どうしてヴァンパイアなのか。

 身もフタもないリアルさ、下ネタ満載の親父っぽい作風と臓器移植キャンペーンが売りのイシダせんせの新作が、どうしてヴァンパイアものなのか。

 最初わたしは不思議だった。意外だった。
 だって「ヴァンパイア」って、ファンタジックかつ耽美な題材でしょ? イシダせんせの芸風とかけ離れ過ぎてる……ヴァンパイアを選ぶなんて意外。

 なんて。
 演目発表時に不思議がっていたことが、嘘みたいに、しっくりきました。
 実際に、イシダ新作『ヴァンパイア・サクセション』 を観て。

 あー、なるほど……。

 臓器移植キャンペーン大好きだからか……。

 すとんと納得。

 なんで思い至らなかったんだろうな。
 臓器移植が好きな人が選んだネタ、ということにのみ着目していたら、ヴァンパイアネタはなんの不思議もない、延長線上にあるわな。

 つまりは、いつも通りの、身もフタもないイシダ作品でした。

 マカゼ氏に対し、むくむくと湧き上がる同情心。気の毒だな、なんでこうも作品運が悪いんだ。初出演の『ランスロット』で作品運を使い切ったのか?っていう。

 イシダせんせの現代モノって、外国が舞台でも外国感がしない。これふつーに日本だよね。登場人物のメンタリティーも、舞台となる街とかの空気感も、言葉ややり取りのセンスも、なにもかも日本。ただ、金髪でカタカナ名前で呼び合ってるだけっぽい。
 たぶんそれが一層「タカラヅカではない、大衆演劇」っぽいのだと思う。日本人が日本で芝居してるのに、なにが「オスカル」だ、「フランスのために」だ、あほくせー(薄笑)ってな感じっていうか。
 タカラヅカだって大衆演劇じゃないか、小林一三が目指したのはそういうものだろう、とかいうツッコミはナシね。
 現在のタカラヅカが持つ「タカラヅカ感」が薄い。

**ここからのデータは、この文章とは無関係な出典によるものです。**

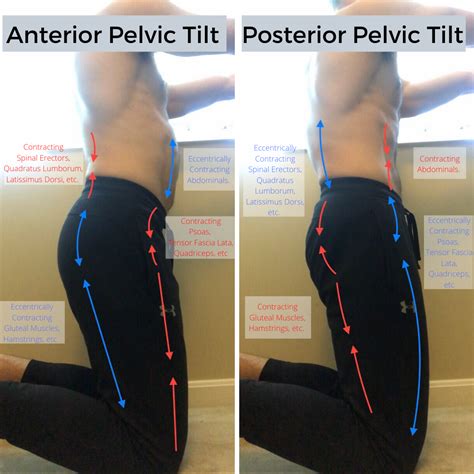 Anterior Pelvic Tilt - A Deep Dive Guide : r/AdvancedPosture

金髪のカツラをかぶった日本人、じゃなくて、タカラジェンヌという2.5次元の存在なんだよ、と騙してくれる世界観を創ることを、最初から放棄しているような。
 『復活』とかのシリアスな時代物などはともかく、舞台がどこであれ現代モノだと、「タカラヅカである」ことにこだわりが薄く感じる。
 同じ駄作でもつまらなさが倍増するのは、そういう部分だろうな。
 わたしはタカラヅカが好きだから、「タカラヅカである」ことに敬意や関心を持たない作品は評価が下がってしまう。

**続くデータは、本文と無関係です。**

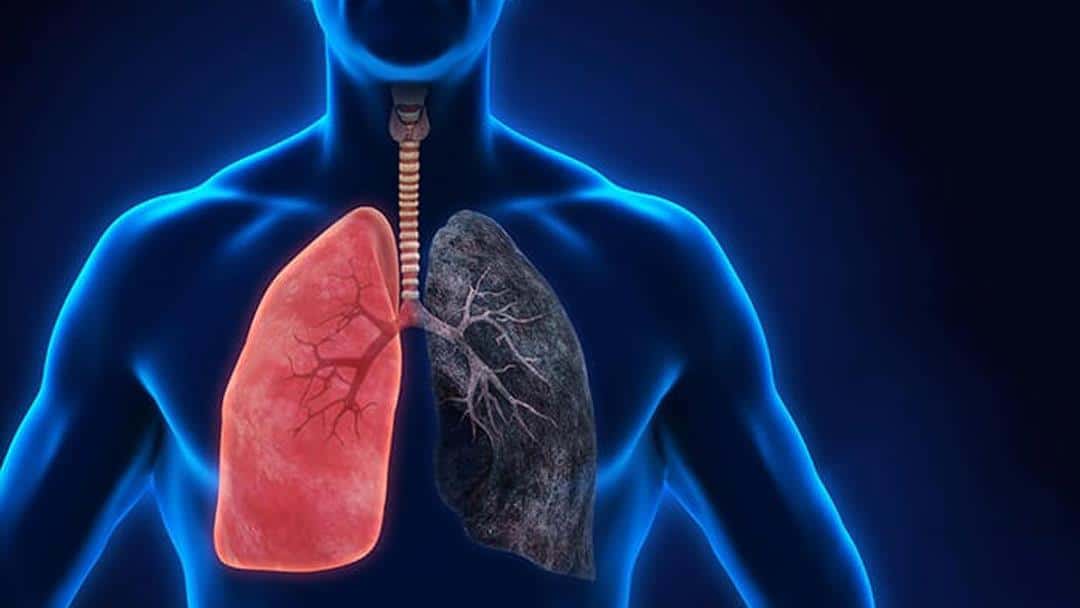 بیماری‌ انسدادی مزمن ریه (COPD)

 真正面から「タカラヅカ」する気がないなら、他でやればいいのに。
 「タカラヅカ」でないイシダせんせのオリジナル作品に、どれだけの商業価値が付くのかは知らないけれど。


 ……なんてのは、わたしの個人的な感じ方なので、世間の評価は知りませんが。

 イシダせんせは、ものすっげ破綻しまくりで物語として成立してないとか、ストーリー自体が存在しないとか、起承転結がないとか、どこがクライマックスかわからないだらだらローテンションとか、そんな基本的な致命的な欠陥はないモノを作る人だから。

 だからもうあとは好みの問題だよな。

 アタマからしっぽまで、どこもかしこも好みでなくて、困りました(笑)。
 観ながら途方に暮れるレベルで。
 キャストとそのファンに対する同情心とか、これが我が身に降りかからずに済んだ安堵感とか、そう感じることへの後ろめたさとか。や、後ろめたく感じるのもおかしな話だが。

 わたしが「うわ、こりゃきついわー」と思うだけで、世の一般的感覚の人々には佳作なのかもしれないしな。
 マカゼの美貌を堪能することだけに集中すればいいのかもしんないし。

 はー。
 『殉情』レベルの最悪のイシダではなかったけれど、『復活』などのマシなイシダでもなく、いつものイシダだった。
 つまり、わたしは面白いと思えない作品だった。
 新ジャンル開拓で、ファンタジックな作品に挑戦するイシダせんせ、を観てみたかったなあ……そんなことに期待したわたしが浅はかだった(笑)。いつものダーイシ。


 とりあえず、イシダせんせはほんと、みつる好きだなあ、と思いました。

 イシダに好かれてうれしいかどうかはともかく、こんな風に「○○先生は本当に○○くんが好きだなあ」と思わせる役者ってのは、強いんだと思う。
 トップスターになるだけがジェンヌ人生じゃない。「みつるはイシダ役者である」という事実がある、こと自体は、いいことなんだと思う。